As the photo illustrates, simplicity alone doesn’t make a message potent. What’s missing? Two crucial factors that Howard Gardner describes in his book Leading Minds: how effectively the scripts are enunciated and how convincingly the deliverers of the communications embody the scripts. On those dimensions, “now serving food” doesn’t demand rigorous analysis.

In marketing and sales, we live and breathe message potency. We have to. Everything we do must nudge, push, or demand a change in one or more entrenched behaviors. So, when it comes to potency, could the intended change be as significant as the message itself?

To answer that, we must address a challenge even more basic than potency: how to select the right issue to address in the first place. From experience, I know it’s hard to get it right. In business, we tout high ROI when our clients want strategic enablement. We push strategic enablement when cost reduction matters most. We communicate about best practice knowledge transfer when the greater issue is how to build communities. We promote social media tools to build communities when a client’s overarching concern is managing profitable growth. Our assumptions leave us in a fog of sometimes-happy ignorance. Most exasperating, our prospective clients usually can’t tell us that we’re attacking the wrong issues because they’re not even aware of our companies or our products!

Happily, every now and then, we find a great example that reminds us that we can connect to visceral issues and make our communications potent—but first we have to understand what the issues are. An advocacy group called Food Democracy Now (FDN) has a mission is to advance “the dialogue on food, family farm, environmental and sustainability issues at the legislative and policy level.” Against a powerful food industry lobby intimate with the complexities of the Farm Bill and the machinations of the National School Lunch Program, Dave Murphy, FDN’s president, faces a daunting challenge. According to a recent article in The Washington Post (“Where Policy Grows,” March 25), Mr. Murphy recognizes that it’s not only important to understand the legislation, but to “recast the debate about good food from a moral battle to an economic one. Take the school lunch program, which Congress will review this year. Food activists have long argued that more fruits and vegetables from local producers should be included to help improve childhood nutrition. But Murphy says the better way to sell the idea to legislators is as a new economic engine to sustain small farmers and rural America as a whole (italics, mine). Talk about nutrition and you get a legislator’s attention, he said. ‘But you get his vote when you talk about economic development.'”

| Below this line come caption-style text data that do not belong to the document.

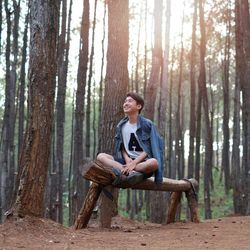 Happy teenage boy sitting on log in forest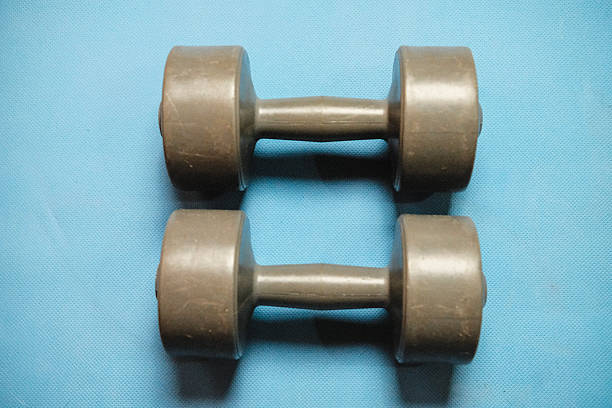 The image is part of a series of photos taken in belonging focusing on tools necessary for a home workout such as dumbbells, bench and mat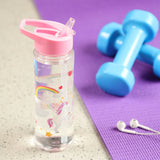 Angled lifestyle shot of a clear reusable water bottle with a pink flip straw, featuring an enchanted unicorn and colourful rainbow design, with KEEP GOING TO THE END OF THE RAINBOW text, filled with clear water. Blue dumbbells and white earphones rest on a purple exercise mat in the blurred background.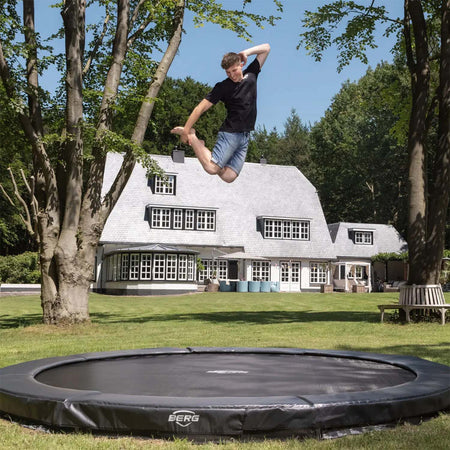 a teenage boy happily jumping on a ERG SPORTS Champion InGround Round Trampoline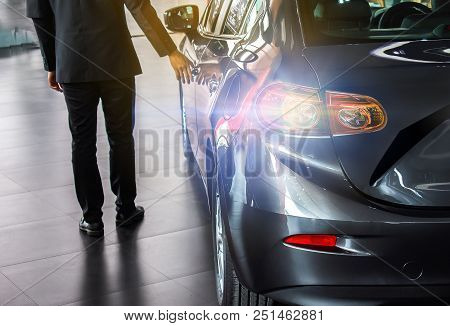 Man Business Saleman Open Door Car On Street Blurry Background.for Automotive Automobile Or Transpor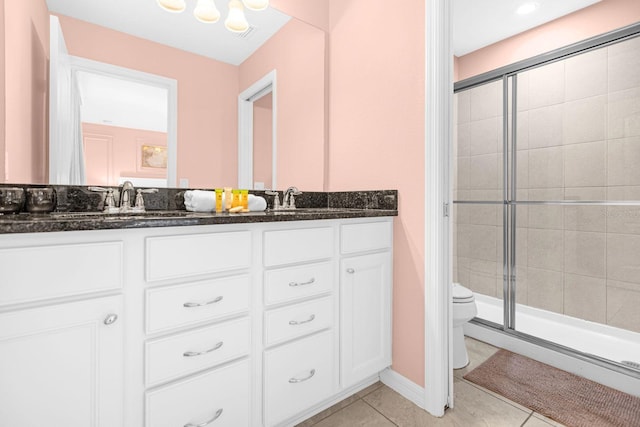 bathroom featuring tile patterned floors, a shower with door, vanity, and toilet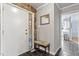 Hallway featuring black tiled floors with the entrance to the kitchen at 118 Flora Mcdonald Ln, Cary, NC 27511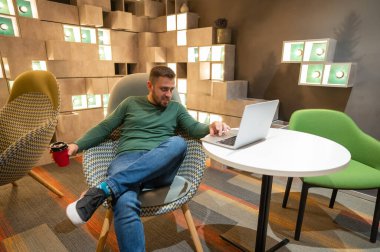 Caucasian bearded man sits in a comfortable chair drinks coffee and works on a laptop. Freelancer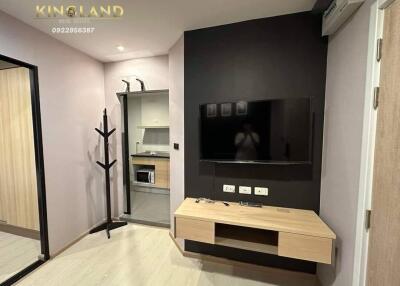 Modern living room with wall-mounted TV and wooden console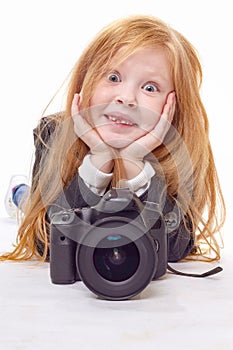 Young cute serious photographer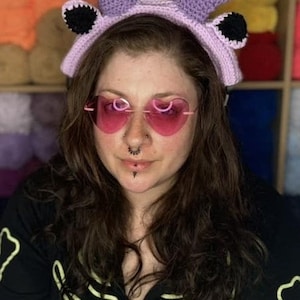 May include: A person wearing a purple crocheted headband with horns and black ears. The headband has a pink band. The person is wearing pink heart-shaped sunglasses and has a nose ring and a lip ring.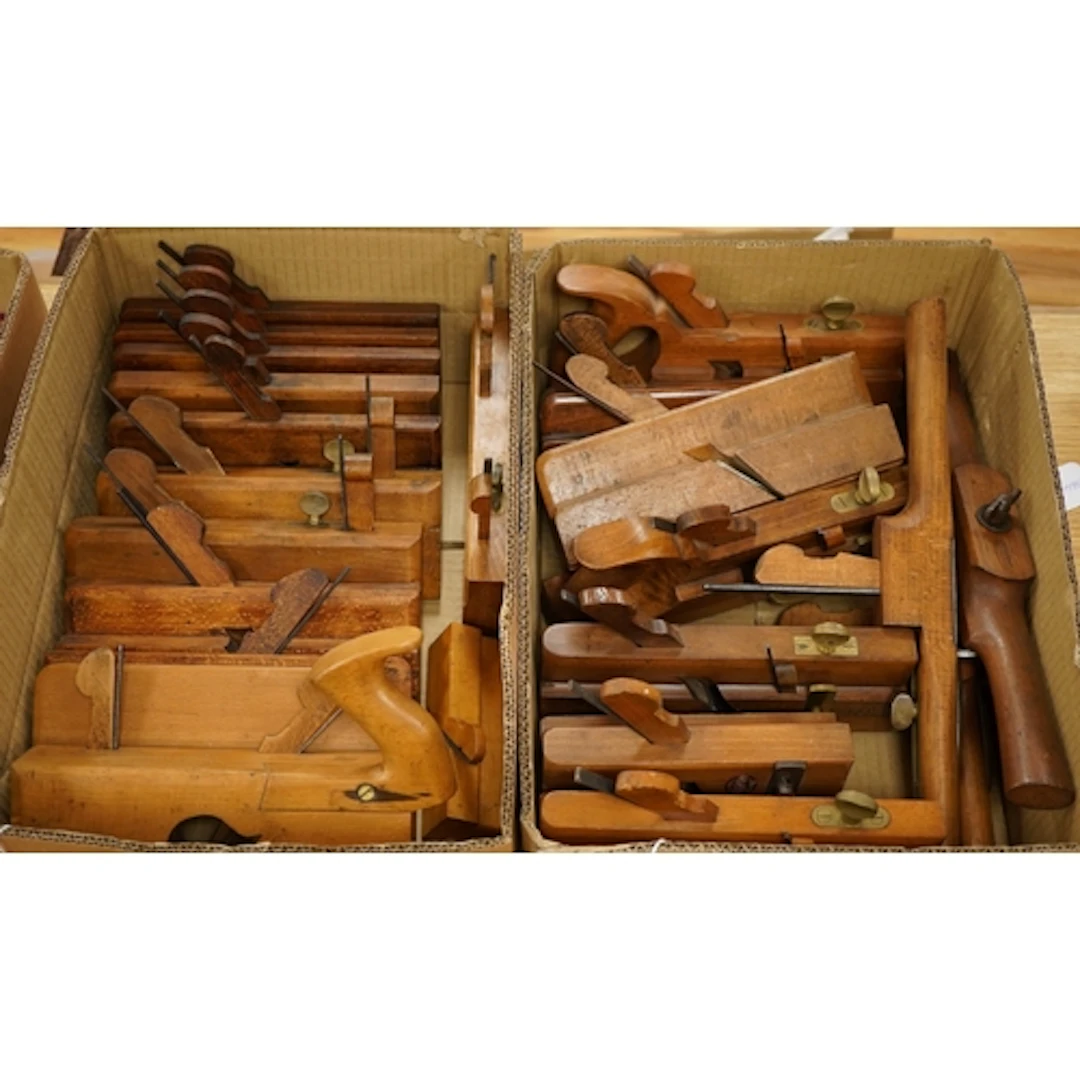 Nineteen 20th century woodworking moulding planes, moving fi...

Bland? After all, ‘economic development’ lacks originality—many times over. In addition, because righting economic wrongs isn’t FDN’s primary mission, Mr. Murphy could be forgiven for being more pedantic about nutrition, health, and the environment. But he knows that by building an economic frame around his cause that FDN will accomplish more than it could through moral grandstanding. By going after the wrong issue Mr. Murphy would find promoting his cause a much tougher row to hoe (pun intended).

Mr. Murphy’s circumspection about issues applies equally to other marketing challenges with differing complexities. What does finding the right issue mean for achieving a targeted return on invested capital? Sales productivity? Reducing sales risks and shortening sales cycles? Meeting revenue forecasts? Everything. Attacking the wrong problems (or attacking the right problems the wrong way) creates a cascading set of selling failures. When it comes to changing entrenched behaviors, not all issues are created equal. For maximum potency, messages need a highly motivating context, and that means choosing the right issue.

Like FDN, when you find the right one, you can change the world!